The joint task force also recommended that that many schools eliminate unhealthy vending machines, especially among elementary aged children. Currently, all vending machines in elementary schools are only allowed to contain either water or 100 per cent fruit juice. The process of phasing-out or phasing-down vending machines is also taking places at Alabama’s middle schools and high schools, where vending machines are required to contain 50 percent diet sodas. Many schools across the state have implemented a “fruit break,” where children are encouraged to enjoy a healthy snack of fruit and water, instead of the traditional candy bar and soda.
However, all the changes in our schools don’t mean much if there isn’t a change at home as well. We are fighting a losing battle if our children come home and stuff themselves full of foods high in fat and sugar, no matter how healthy they eat during the day. Plus, it’s always important to set a good example. Children are much more likely to engage in healthy eating habits if they see their parents doing so.
First, try your best to serve healthy foods.

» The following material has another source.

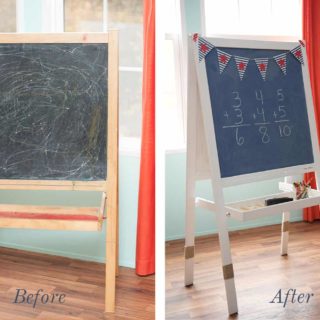 This IKEA easel was trashed by my 3-year-old, so I gave it a complete makeover with Mod Podge clear chalkboard topcoat. You'll love how easy this is!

In the fast-paced world of today, it’s easy to grab fast food or cook a frozen meal, but often those fast food or frozen meals are high in calories and fat. Try serving non-fried meats and health side items. The Department of Public Health encourages Alabamians to “eat the rainbow,” and to include a variety of fruits and vegetables. Also, try to get outside and be active. Whether it’s playing a sport, participating in some type of outdoor activity, or simply taking a nice afternoon stroll, any exercise is better than none. Plus, it’s something nice that the entire family can participate in and can be fun for everyone.
The changes have already begun at school, and hopefully will be fully implemented in the coming months. But the changes must come at home, too. So as the stifling heat slowly abates, try your best to encourage exercise and healthy eating for your entire family.
Your spouse, your children, and most importantly your own body, will thank you if you do.